Pennon Group plc (LON:PNN) said it has been hit by higher-than-anticipated costs for the construction of its Glasgow energy recovery facility (ERF) after having to replace Interserve PLC (LON:IRV) as the contractor.
Interserve’s contract with Pennon’s waste management business, Viridor, to construct the Glasgow plant was terminated in 2016 after ongoing delays.
READ: Pennon negotiates reset to Greater Manchester waste contract as it reports first half profit growth
In a trading update on Monday, Pennon said overall expenditure for the completion of the project is expected to be £95mln higher than the £155mln original target.
The company said margins on the life of the project to 2043 could be lower than initially predicted, depending on the outcome of its contract settlement with Interserve.
However, Pennon does not expect an “immediate impact on earnings” and added that discussions with Interserve are ongoing.
“Viridor is contractually entitled to recover incremental costs from the original principal contractor, Interserve, under certain circumstances,” the group explained.

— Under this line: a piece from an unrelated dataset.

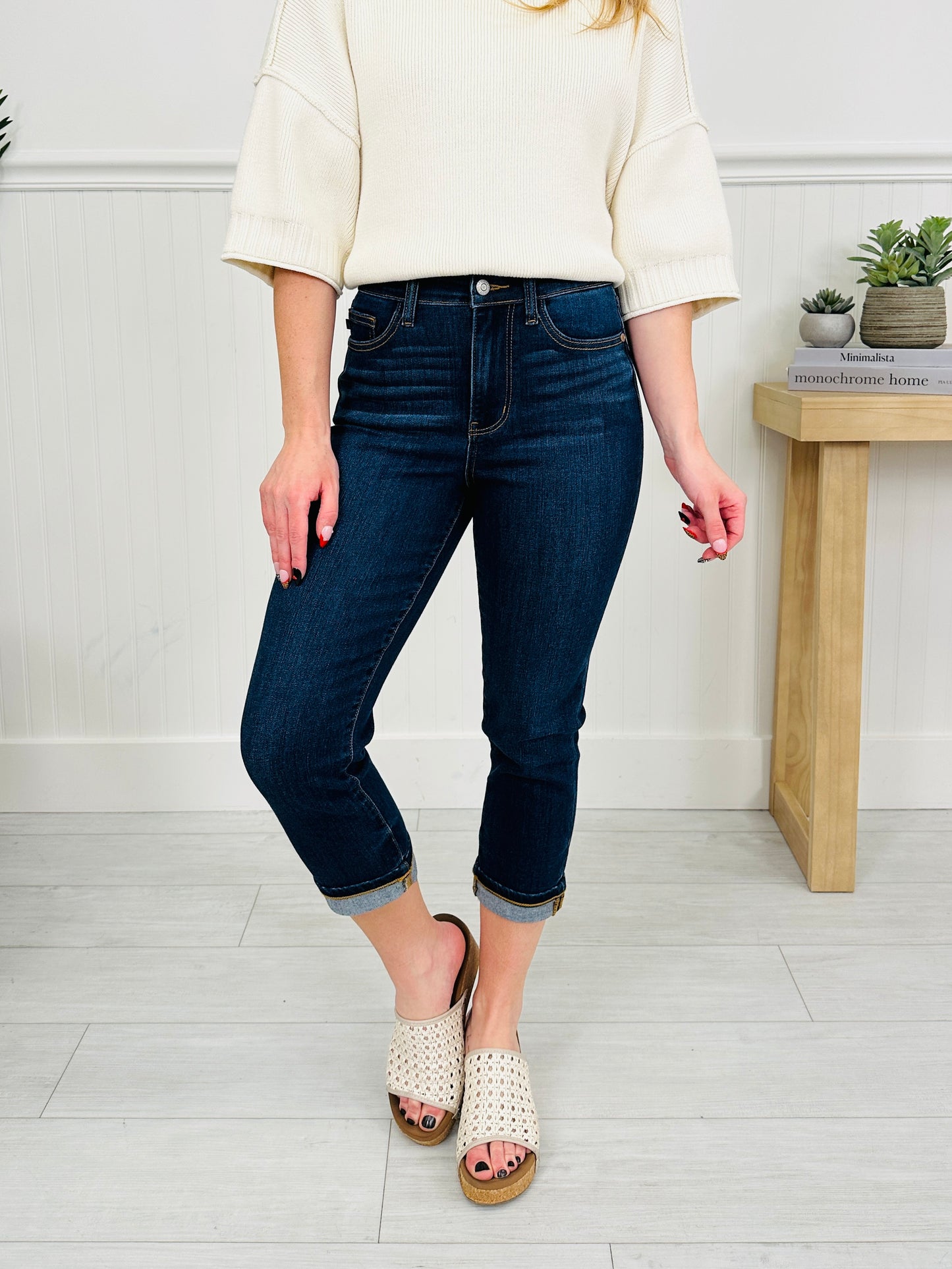 Judy Blue New Beginnings Cuffed Capri Jeans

Pennon said it continues to expect the “UK residual waste market dynamics to be favourable with demand for energy recovery facilities exceeding capacity into the long term”.
Viridor's ERFs exceed expectations
Viridor’s portfolio of ERFs continue to perform above expectations with underlying earnings (EBITDA) to be second half weighted, Pennon added.
Commissioning is underway at Beddington in South London and at Dunbar in Scotland while construction is underway at Avonmouth in Bristol, where the lead contractor is CNIM Group.
In recycling, Viridor predicts lower second half EBITDA as a result of China’s new restrictions on imports, though it is not expected to have a material impact on the group’s overall performance.
Overall 'robust' performance, well-placed to tackle Ofwat clampdown
Across the group, Pennon said it has achieved a “robust underlying financial performance” and is on track to meet management expectations for the year ended March 31, 2018.
It added that it is well-placed to respond new price limits proposed by water regulator Ofwat.
The company said its South West Water arm continues to “perform well” and expects it to reach a return on regulated equity of 11.8%.